By Keay Davidson, Chronicle Science Writer

Enough plutonium to make dozens of nuclear bombs hasn't been accounted
for at the UC-run Los Alamos National Laboratory in New Mexico and may
be missing, an activist group says in a new report.

There is no evidence that the weapons-grade plutonium has been stolen
or diverted for illegal purposes, the Institute for Energy and
Environmental Research said. However, the amount of unaccounted-for
plutonium -- more than 600 pounds, and possibly several times that --
is so great that it raises "a vast security issue," the group said in
a report to be made public today.

The institute, which is based in Takoma Park, Md., says it compared
data from five publicly available reports and documents issued by the
U.S. Energy Department and Los Alamos from 1996 to 2004 and found
inconsistencies in them. It says the records aren't clear on what the
lab did with the plutonium, a byproduct of nuclear bomb research at
Los Alamos.

A spokesman for UC, which manages the national laboratories at Los
Alamos and Livermore for the Energy Department, did not address the
report's specifics but said the New Mexico lab tracks nuclear material
"to a minute quantity."

The report says there are several possible explanations for what
happened to the plutonium. They include:

-- It was discarded in unsafe amounts in landfills at the Los Alamos
lab. It is legal to discard weapons-grade plutonium in landfills, one
of which is 40 feet deep, as long as the substance is sufficiently
diluted. However, if a landfill holds too much plutonium, the material
can eventually contaminate the environment -- for example by leeching
into groundwater or being absorbed by the roots of plants -- study co-
author Arjun Makhijani said in an interview.

-- It was shipped to an Energy Department burial site in a New Mexico
salt mine, without accurate records of such shipments being kept.

-- It was stolen or otherwise shipped off site for unknown reasons.

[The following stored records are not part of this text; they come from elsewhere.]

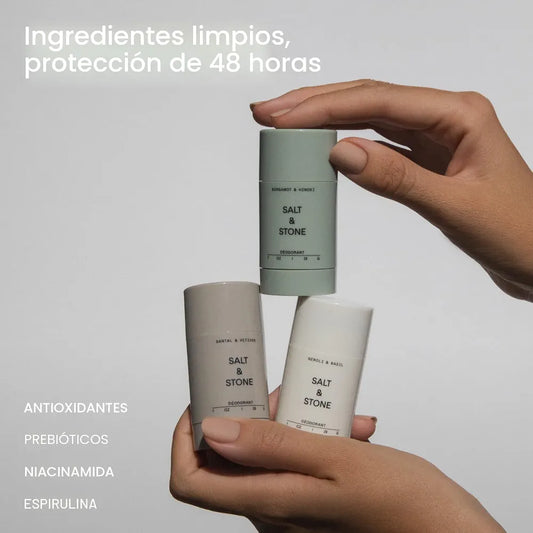 Mini Deodorant Discovery Set - Salt & Stone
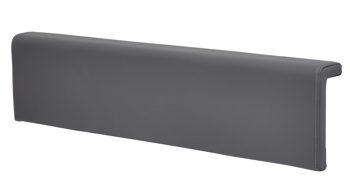 Kissen-Set Interliving aus Stoff in Dunkelgrau Interliving Schlafzimmer Serie 1025 – Kopfteilpolster-Set Länge ca. 92 cm - graphitfarbenes Kunstleder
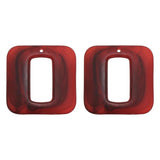 Morandi Hollow Marble Pattern Square Disc Frosted Acrylic DIY Jewelry Earrings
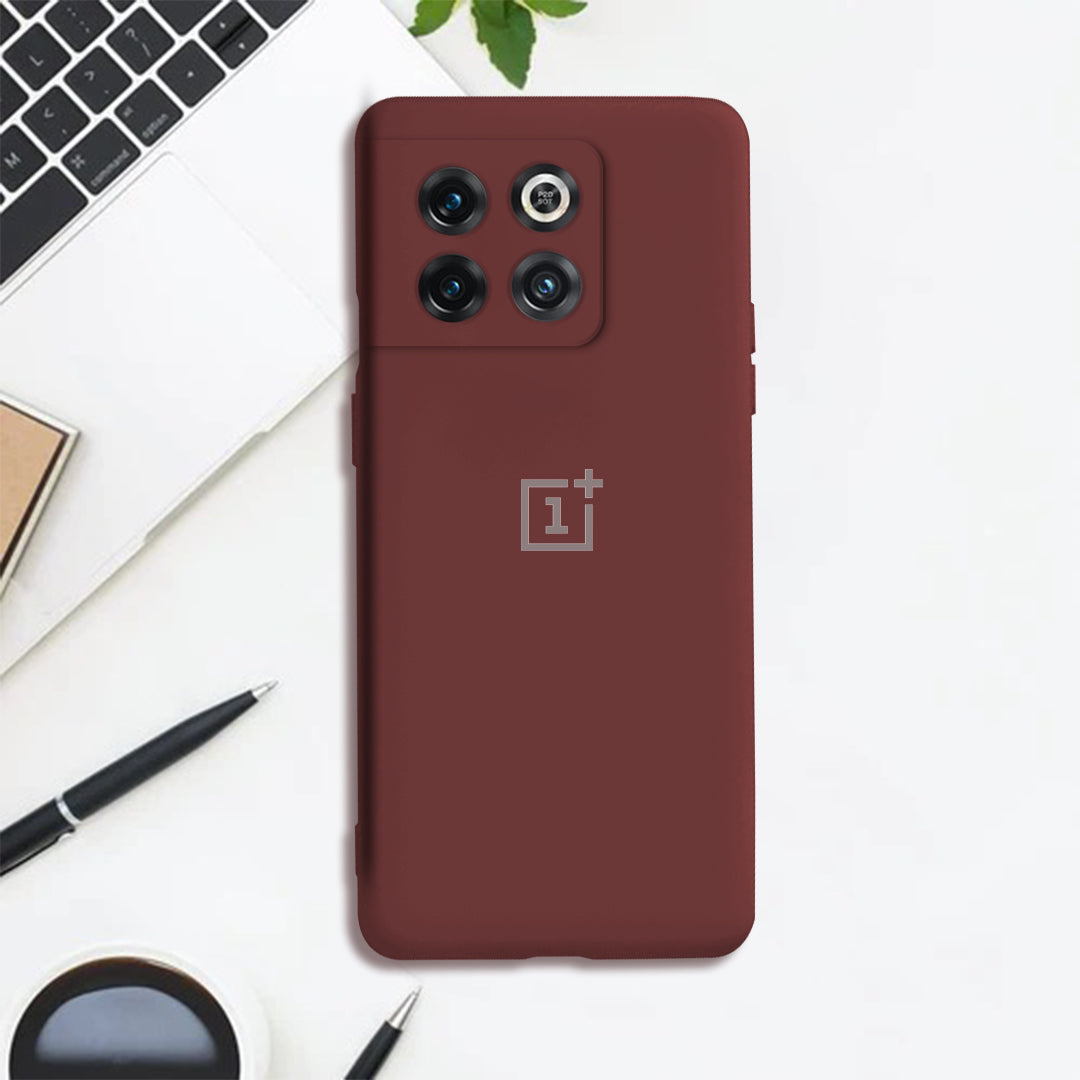 OnePlus 10T Liquid Silicone Velvet-Touch Silk Finish Protective Back Case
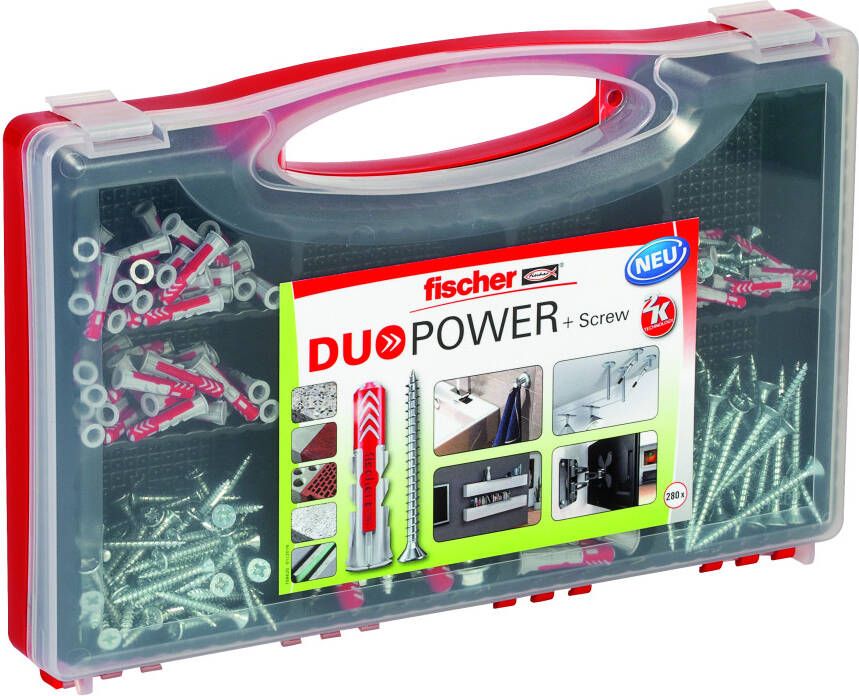 Fischer Red-Box DuoPower pluggen met schroef 536091 1 stuk(s)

"If it has left the site, then it obviously has the most grievous
security implications," Makhijani said. "I cannot say that it has left
the site, but the government has the responsibility to ensure that it
has not.

"And the University (of California) obviously has a responsibility in
this. It should be a grave embarrassment for the university to be
sitting on numbers like this and discrepancies like this, and not have
resolved them."

UC spokesman Chris Harrington said Los Alamos "does an annual
inventory of special nuclear materials which is overseen by (the
Energy Department). These inventories have been occurring for 20-plus
years. Special nuclear materials are carefully tracked to a minute
quantity."

The report concludes that at least 661 pounds of plutonium generated
at the lab over the last half-century is not accounted for. The atomic
bomb that was dropped on Nagasaki, Japan, in 1945 contained about 13
pounds of plutonium.

"The security implications... are extremely serious, since less
than 2 percent of the lowest unaccounted-for plutonium is enough to
make one nuclear bomb," the report said.

The problem of plutonium accounting began worrying lab critics in the
mid-1990s, when Energy Department officials released lab records as
part of the Clinton administration's openness initiative.

Critics found they had trouble determining exactly what the lab was
doing with the plutonium waste that is generated during the
manufacture of spherical plutonium "pits," the fissile triggers of
nuclear bombs.

Makhijani said he and colleagues from two other activist groups hoped
the problem would be resolved in August 2004, when they sent a letter
of complaint to then-Los Alamos Director G. Peter Nanos. Nanos was
trying to reform lab operations after highly publicized scandals over
UC management of Los Alamos.

Nanos and lab officials did not respond, though, and nine months later
Nanos left for a different job. Makhijani said he and associates had
decided to make their report public to dramatize federal officials'
failure to resolve the puzzle of the missing plutonium.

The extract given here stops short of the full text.